La qualité de l’encadrement est un argument de recrutement majeur. Comme le souligne la FFR, plus les éducateurs sont formés, mieux c’est pour la fidélisation des licenciés. Un club qui peut mettre en avant la compétence de son staff technique et la bonne organisation de son équipe de bénévoles projette une image de sérieux et d’ambition qui attire naturellement les nouveaux membres. Synchroniser le recrutement des joueurs et des bénévoles crée une dynamique vertueuse : de bons joueurs attirent de bons encadrants, et un bon encadrement fidélise les joueurs.
À retenir
- Le projet avant le résultat : La survie et l’attractivité d’un club amateur reposent sur des valeurs incarnées et une vision claire, bien plus que sur les victoires du week-end.
- La valorisation surpasse la prime : Investir dans des contreparties non monétaires (formation, réseau, projet de vie) est plus efficace et plus sain pour fidéliser joueurs et bénévoles que le paiement direct.
- Le micro-bénévolat comme clé : Rendre l’engagement accessible par des missions courtes et bien définies permet de mobiliser une base plus large de volontaires, notamment lors des grands événements.
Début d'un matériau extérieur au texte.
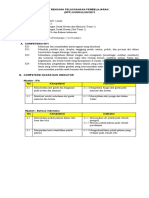 Rencana Pelaksanaan Pembelajaran (RPP) Kurikulum 2013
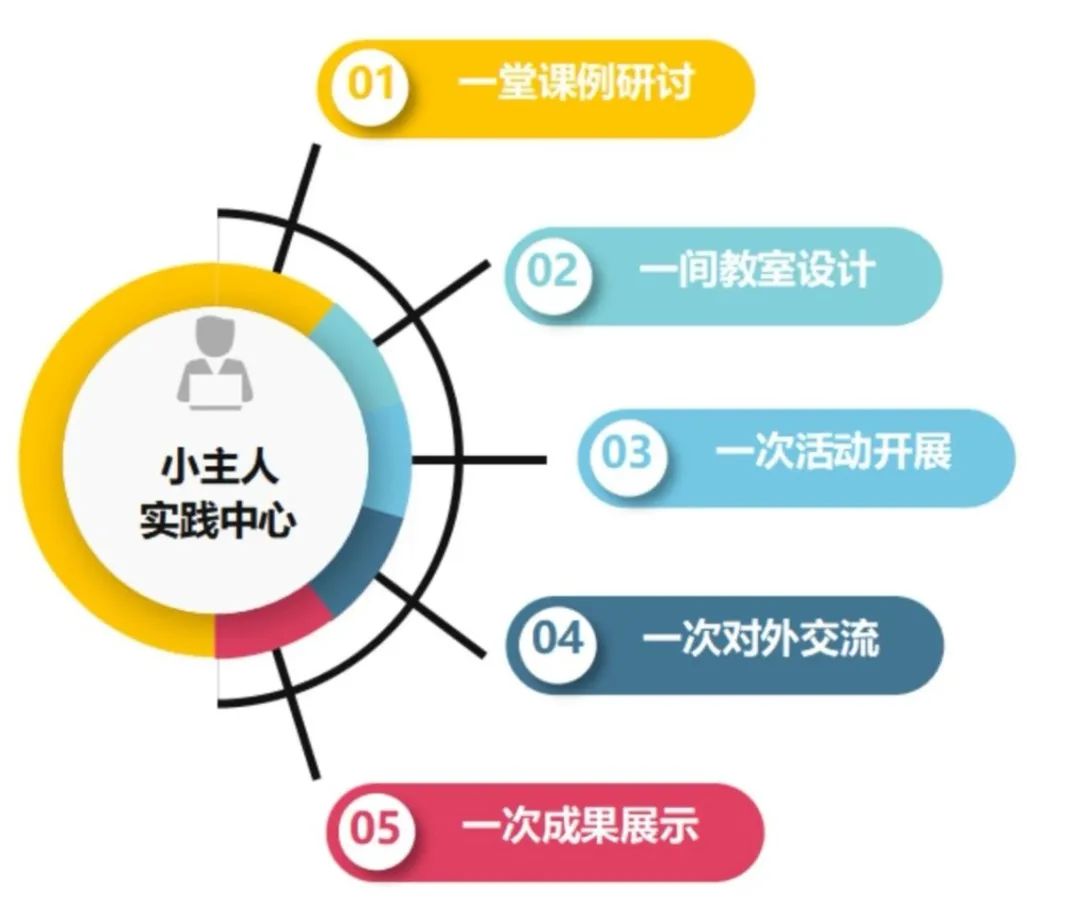 琅小最新分校进驻南京南大门！“国优教师”校长领衔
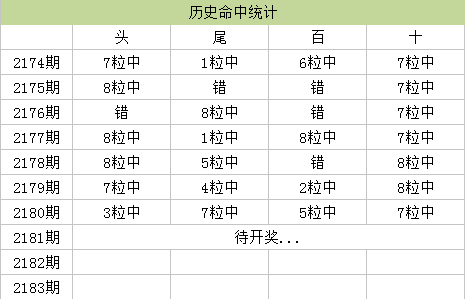 企訊達(dá)中特一肖一碼資料,數(shù)據(jù)詳解說(shuō)明_活力版75.610 - 副本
Comment concilier vie de famille, travail et entraînements en série territoriale ?
La principale cause d’érosion du bénévolat n’est pas le manque de passion, mais l’épuisement. En série territoriale, où l’engagement est total, concilier les exigences du club avec une vie de famille et une carrière professionnelle relève souvent de l’héroïsme. La plus grande difficulté, comme le rappelle Joël Tomakplekonou, est la fidélisation face à cette charge mentale. La solution ne réside pas dans des discours de motivation, mais dans une organisation structurelle qui protège le temps et l’énergie des bénévoles.
La première étape est de reconnaître que le bénévolat ne doit pas être synonyme de disponibilité 24/7. Instaurer un « droit à la déconnexion« , avec une règle simple comme « pas de sollicitations après 21h », est un signal fort de respect. De même, la multiplication des interlocuteurs est une source de stress majeure. Désigner un référent unique par pôle (un pour l’école de rugby, un pour la logistique, etc.) canalise la communication et évite que chaque bénévole soit submergé de demandes multiples et contradictoires.
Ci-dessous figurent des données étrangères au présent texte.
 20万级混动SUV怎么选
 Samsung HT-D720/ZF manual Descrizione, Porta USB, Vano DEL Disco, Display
L’idée que chaque poste clé doit être occupé par une seule personne est une erreur. La mise en place de binômes sur les missions critiques (trésorier, secrétaire, responsable EDR) est une bouée de sauvetage. Cela permet de partager la charge, de se remplacer en cas d’imprévu et d’assurer une continuité en cas de départ. L’utilisation d’outils collaboratifs modernes comme Trello pour la gestion de projet, Doodle pour planifier les réunions ou des groupes WhatsApp dédiés à chaque commission fluidifie l’organisation et réduit le besoin de réunions physiques chronophages.
Enfin, il faut déculpabiliser l’absence. Un système de « joker d’absence », où un bénévole peut s’absenter quelques fois dans l’année sans avoir à se justifier, change la perception de l’engagement. Le bénévolat devient moins une contrainte et plus un choix renouvelé. La clé de la conciliation est là : structurer le club pour que l’engagement soit intense mais durable, passionné mais respectueux des équilibres de vie de chacun. Pour cela, le rôle d’un bénévole référent, chargé d’accompagner les nouveaux et de veiller au bien-être de tous, est absolument central.
Pour concrétiser cette vision et bâtir une véritable architecture de l’engagement, l’étape suivante consiste à passer de la réflexion à l’action. Commencez par nommer un « référent bénévoles » au sein de votre comité directeur, une personne dont la mission sera de mettre en œuvre ces principes et de veiller au bien-être de votre capital le plus précieux.